Take for instance, the oldest sibling Jazz; he is five and likes to wear dresses and keep his hair long and in three braids. He paints his nails and wears a stud earring in one ear and according to the article I read, doesn’t mind people thinking he’s a girl. Yet at the same time, he has asked his mother to write a note to the Nature Center he visits because “he likes the group leaders and wants them to know he’s a boy.”
What a confusing time this has to be for him; working hard to hold on to what he likes, yet discovering that he is in fact a boy and that is something that the people he values and respects should know! For a child who seems comfortable in his gender neutrality it sure does seem like he’s already making some gender choices. I am curious to see how many more times mom will have to write a note for him declaring his gender for people as he ages.
I believe there should be a balance in gender choices. For the longest time Peanut played dress up with his sister and was content to run around the house in my feather boas (brought back from various conference after parties), purses and even her dresses, as was Bug with my things. Shorty and Bebe are only 16 months apart so what one did, the other did as well. It wasn’t uncommon to find them both painting their nails (or Bebe painting Shorty’s) and playing in my make-up together.
They have all carried around baby dolls at one point or another, played kitchen, house, help daddy fix things and help me cook.
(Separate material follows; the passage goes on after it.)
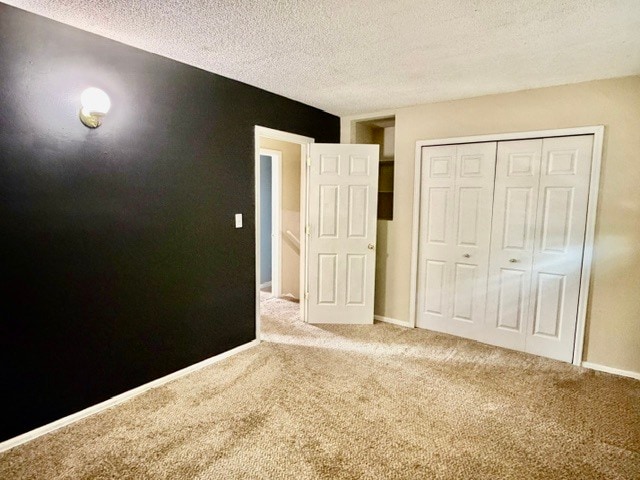 Building Photo - 2236 Fernwood Dr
They all have chores which involve household duties such as laundry, dishes and cleaning and even though I begged my boys to cut their hair over the winter, they each chose to grow it out and wear it long until they grew tired of the look. Bebe herself has worn her hair both long and short, donned her brother’s clothes and boots, and dug in dirt. At the same time of doing all of this though, each of my children were aware that they were either boy or girls and while each of us has many of the same gifts and talents, we also have individual ones that make us unique and special.
It’s about balance. And I’m thoroughly thankful to have given my children the freedom to play with whom or what they wanted, make up names for themselves, and role play in the opposite gender when it so suited them (or even a different species in the case of dinosaurs, aliens, bugs, cats, dogs, fish or farm animals). But I can’t imagine not giving them any identity at all and throwing them to the world without a basic understanding of what it is and in theory, forcing them to make all their decisions on their own. At 18 months, both of Storm’s older brothers were allowed that freedom and choice.
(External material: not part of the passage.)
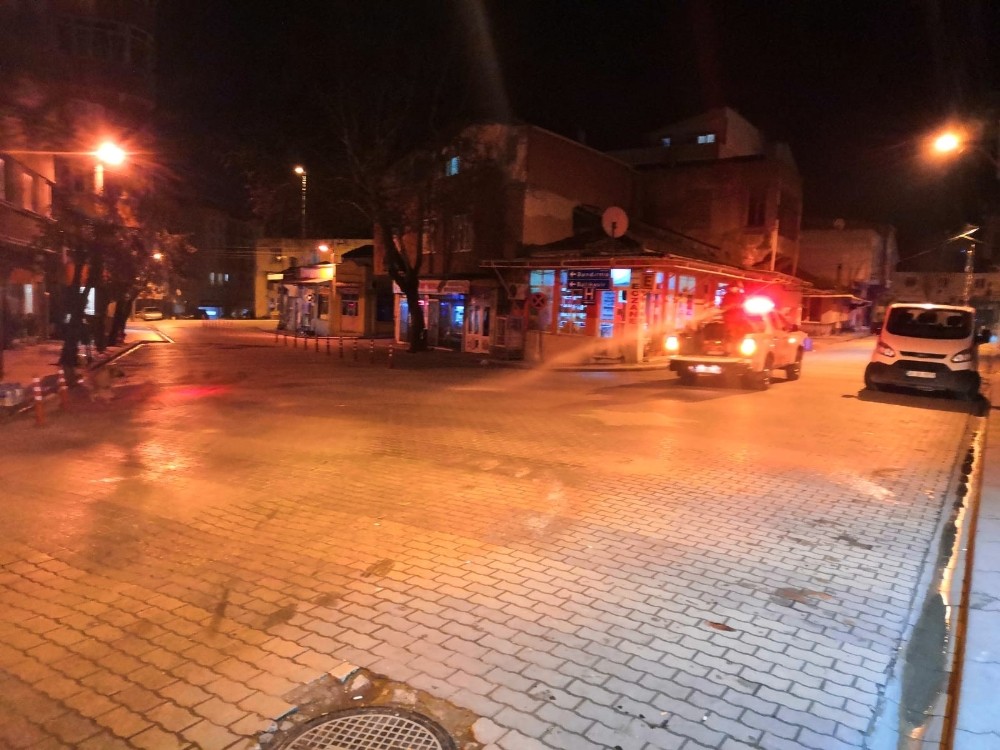Manyas’ta koronavirüs için dezenfekte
What I don’t agree with is asking your children to keep their sibling’s gender a secret; at two and five this is a big secret to covet and one that may not be fully understood. I also don’t think that by letting Storm (the baby) choose who he or she wants to be, the baby doesn’t get a chance to grasp or fully embrace one gender or the other and denies them the chance at finding their one true gender. There will be a constant push or pull to try one over the other and while I’m sure the parents are claiming the best intentions, won’t they be inciting bullying or exclusion in one way or another and isn’t limiting or excluding the very thing they’re claiming they aren’t doing?
Author, psychologist and mother Diane Ehrensaft said it herself, “I believe that it puts restrictions on this particular baby so that in this culture this baby will be a singular person who is not being given an opportunity to find their true gender self, based on also what’s inside them.”
No one knows what the future holds for these three children and who knows; perhaps we’re on the verge of radically changing gender issues and gender biases with this one baby but until then, I see no reason to make things more complicated, confusing, or harder on a child as they learn about the world around them.
If you could start over your child rearing, would you choose to raise your baby gender neutral and keep it from people? Why or why not? I’d love to hear your take on this story!